ASBA does not have statistics on the number of tennis courts overall, nor on the breakdown of various types of tennis courts by surface. However, the following article was located in a magazine, and is, to ASBA's knowledge, the only information on such a subject. Kudos to Tennis Industry for allowing us to reprint it.

The Industry's First Court-Surface Type Analysis
by John Sprague

(Reprinted with permission from the April 1991 issue of Tennis Industry Magazine, the "Construction Quarterly" supplement.)

The question sounded so simple: "How many hard courts and how many soft courts are there in this country?" The questioner was a Baltimore journalist writing a feature article on one of our industry leaders. It seems he assumed that there was, somewhere, and accurate count of all the courts in America. Not an illogical assumption - unless you're in the industry. Despite their best individual efforts, the United States Tennis Association, the United States Professional Tennis Association and the United States Tennis Court & Track Builders Association have been unable to come up with even the roughest of figures on the number of courts in this country. Given this, it would seem well-nigh impossible to calculate the breakdown of courts between the two most popular American surfaces — or any other surfaces, for that matter.

Well, it's not impossible. Tennis Industry conducted a poll of leading surface manufacturers and court contractors to come up with just such a surface-type breakdown. The basis for these percentages is not raw numbers but rather a comparative analysis of the ratio of one surface to another.

The experts polled agreed that the combination of hard and soft courts adds up to about 80 percent of all courts in the United States. They also settled on the existing ration of hard courts, favored almost exclusively in the public sector, to soft synthetic-clay courts, the darlings of the private sector: The ratio is seven hard courts for every soft court. The front end of this consensus equation, then, was established as 70 percent hard, 10 percent soft and 10 percent everything else.

Natural Surfaces
Going from the most numerous of these miscellaneous surfaces to the least could have been difficult, so the experts (by this time organized into an ad hoc research panel) decided to start with the least prevalent and build from there. The scarcest surface certainly is natural grass. Because it is the founding surface of the sport, and since it has enjoyed a 10-percent growth during the past decade, the panel set the percentage of grass courts at 1 percent. Now this is certainly an exaggeration; most of us can count on our thumbs the number of grass courts we've actually seen. But, for the sake of simplifying the rest of their task by eliminating fractions (and probably for sentimental reasons as well), the experts agreed to assign a simple, dignified "1" to the percentage of grass courts.
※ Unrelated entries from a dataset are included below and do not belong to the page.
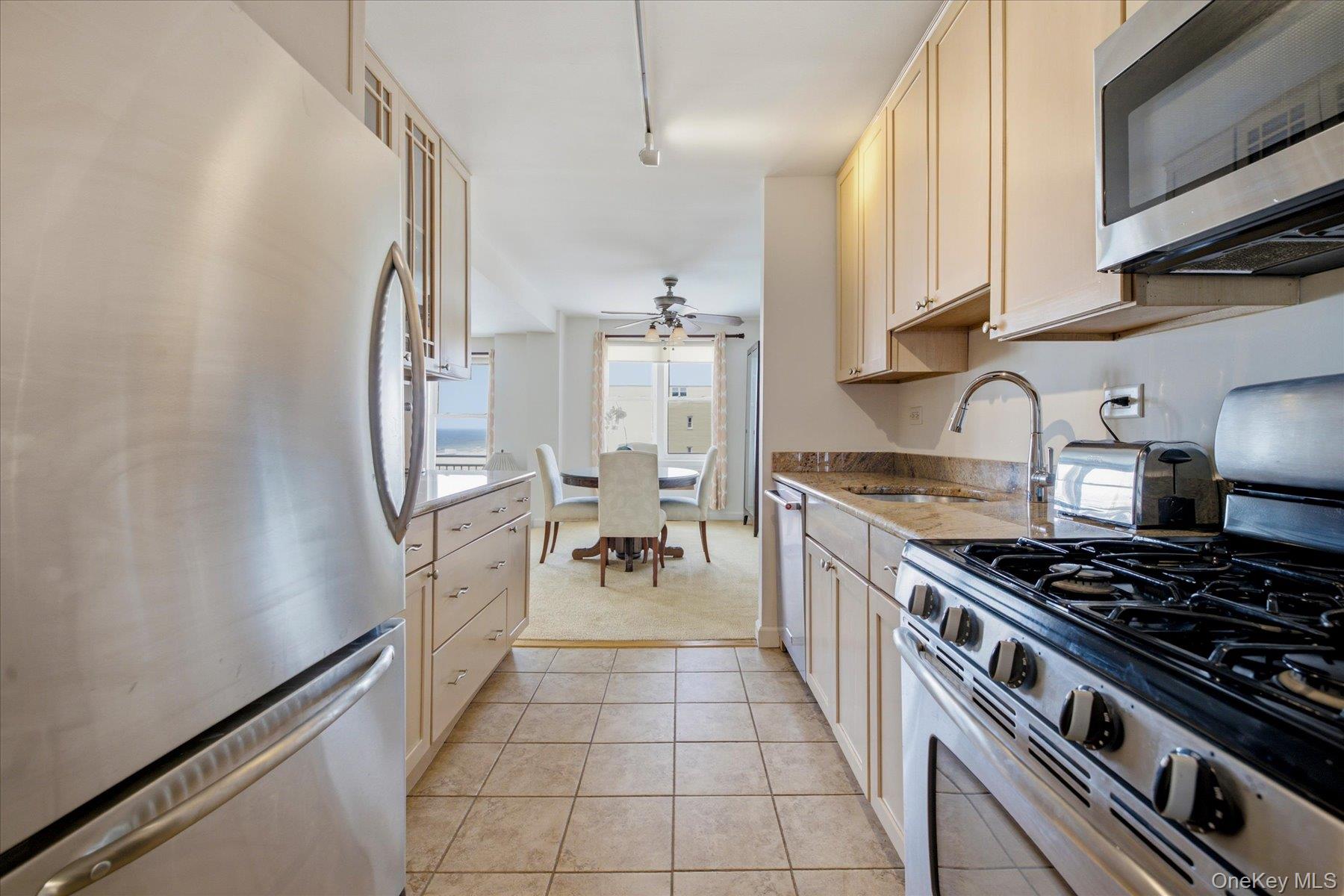 522 Shore Road, Unit 5G photo 9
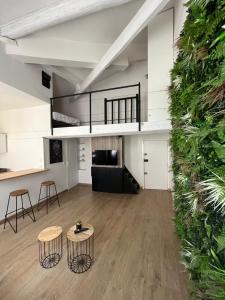 uma sala vazia com duas mesas e uma planta em Duplex avec Clim centre de nimes em Nîmes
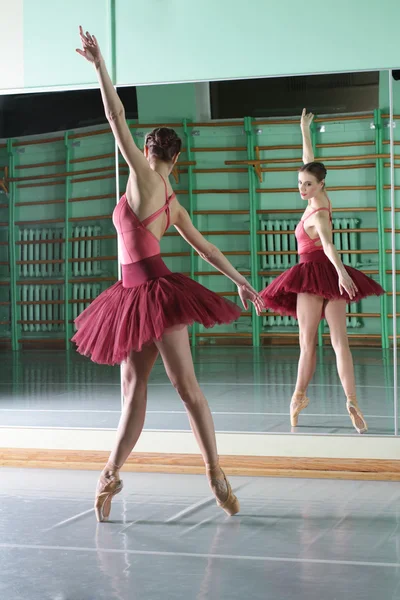 Hermosa bailarina bailarina con reflejo — Foto de Stock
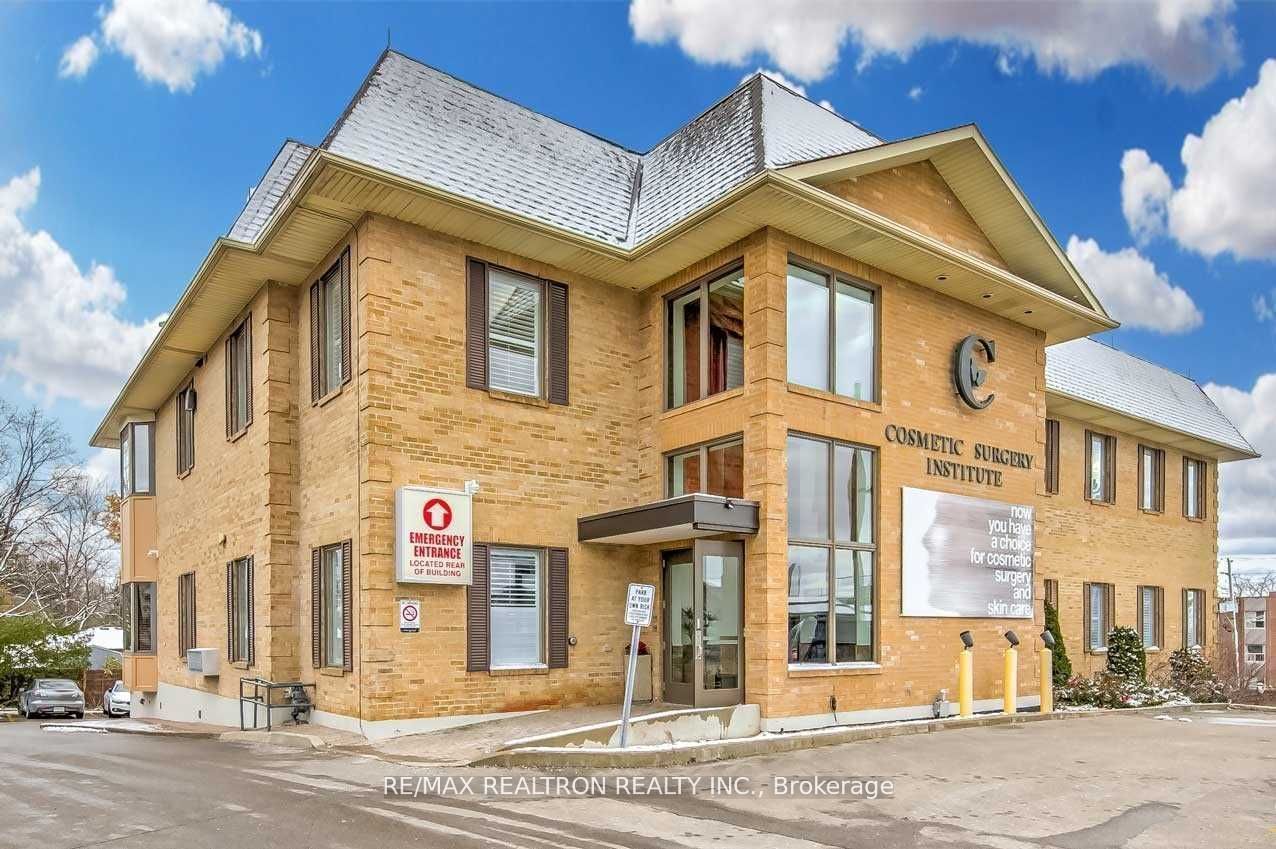 9955 Yonge Street 207 Property Photo 1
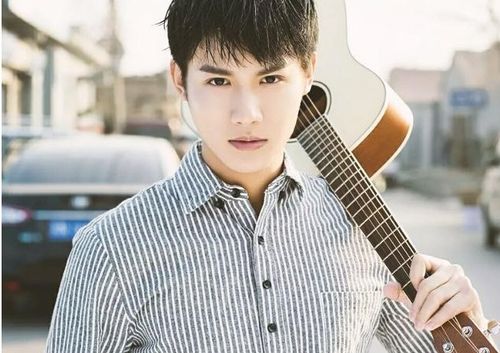 年轻人过年的真实写照：刘宇郑业成演绎的春节故事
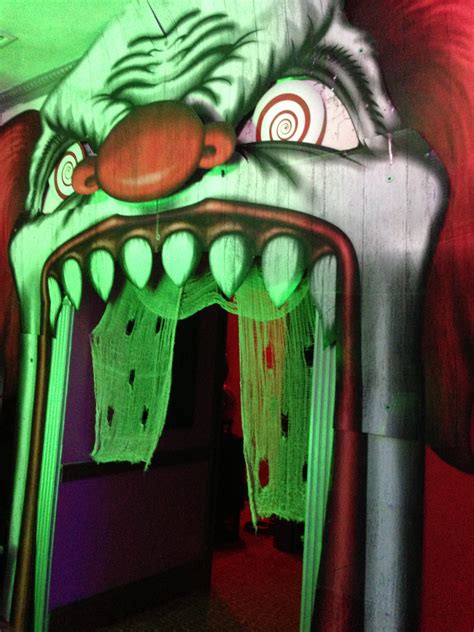 Canton Haunted House Looks to 'Scare the Hell Out of People' | Canton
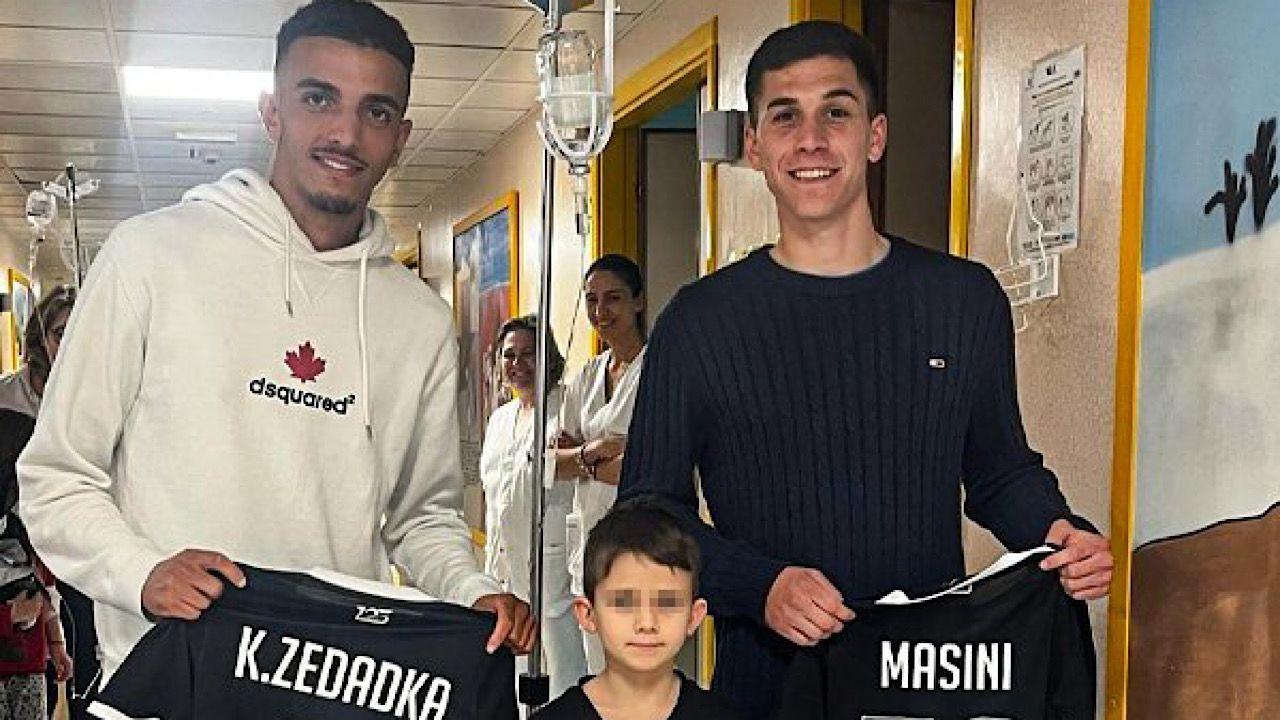 Ascoli Calcio, visita pasquale di Zedadka e Masini ai piccoli pazienti dell'ospedale ''Mazzoni''
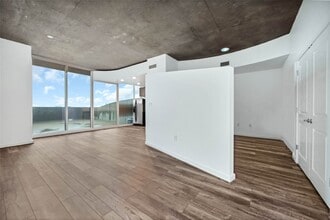 Building Photo - 5925 Almeda Rd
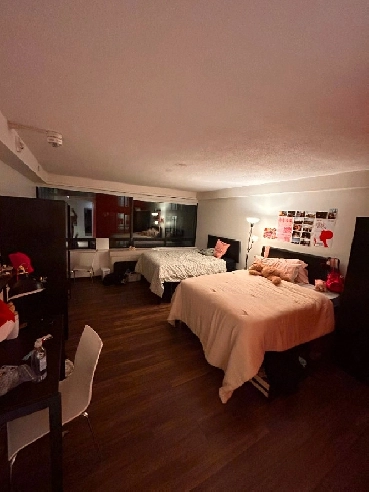 Looking to sublet/relet my room at Parkside Student Residence Image# 1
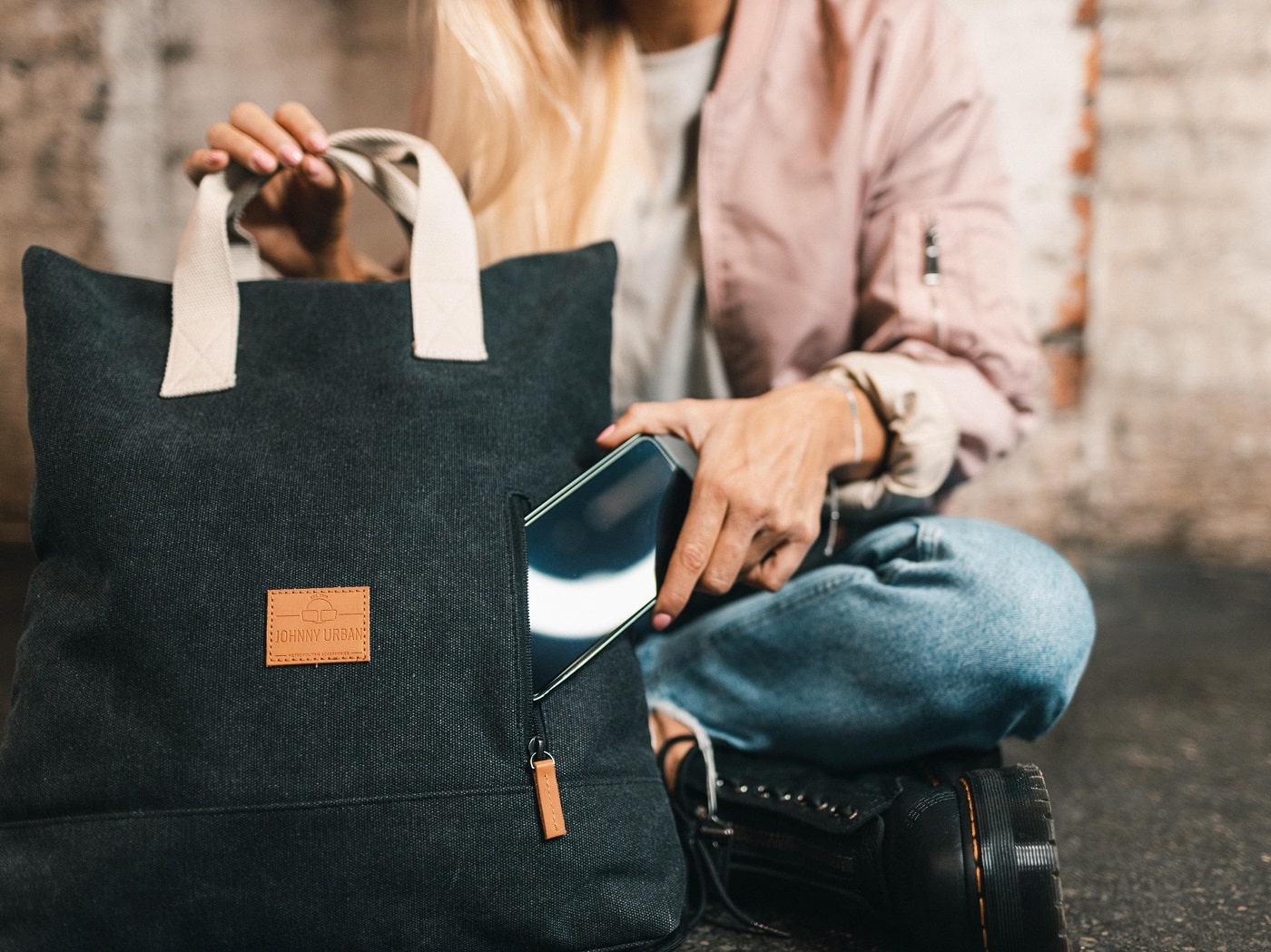 Rucksacktasche Sam in anthrazit - Johnny Urban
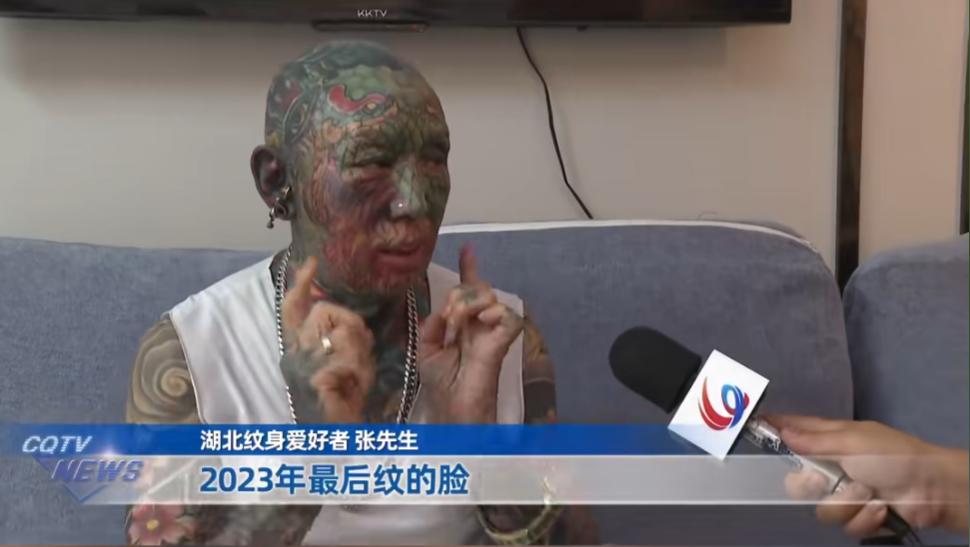 “你就是个老妖怪！”68岁大爷全身刺青，如今肠子悔青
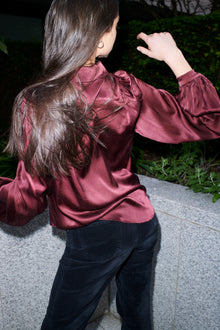Isotta, blusa de 100 % seda de morera, color rojo vino – con modelo 4 – Alinari Firenze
Their method for determining the number of natural red-clay courts, then, was based on an agreed-upon ration of natural clay to grass courts. That ration was four to one, leading to the figure of 4 percent for the proportion of American courts that are red and dusty.

Exotics
With hard and soft surfaces, grass and clay all neatly pigeonholed (a little too neatly, perhaps, but nobody's ever tried this before. Give them a break.), the intrepid assemblage now faced the task of breaking down the exotic synthetics into manageable subcategories. But categorizing synthetics can be tricky. If one major category is plant-manufactured surfaces, one is confronted with rolled goods, needle-punched, welded products, cast goods and blankets. This would leave a field-applied category, which would include water-diluted and sand-fortified liquid acrylics, seamed, adhered or tacked and sand-filled turfs...and so on. The committee settled on breaking down the synthetics by their chemical composition. All synthetics are made of either polyester, polypropylene, polyurethane and polyvinylchloride (PVC); these provided suitable subcategories for these surfaces.

What's Left?
The committee used the remaining 5 percent as a catchall category for such things as modular blocks, troweled-on neoprene and anything else they may have overlooked. Now, after this quasi-statistical analysis, the panel has released the first-ever industry breakdown of tennis court surface composition in the United States. The margin for error is +/- 4 percent.

Hard Courts 70%
Soft Courts 10%
Exotics 10%
Miscellaneous 5%
Natural Clay 4%
Natural Grass 1%

Once again, this is not based on a count of courts but on the experts pooling their knowledge of the general prevalence of each type of court. This breakdown is not meant to be the final word of the subject; hopefully it will serve to galvanize the industry to make a more thorough examination of the subject and eventually lead to an accurate count of the number of American courts. Until them, these percentages should at least partially satisfy the curiosity of journalists and tennis business-people.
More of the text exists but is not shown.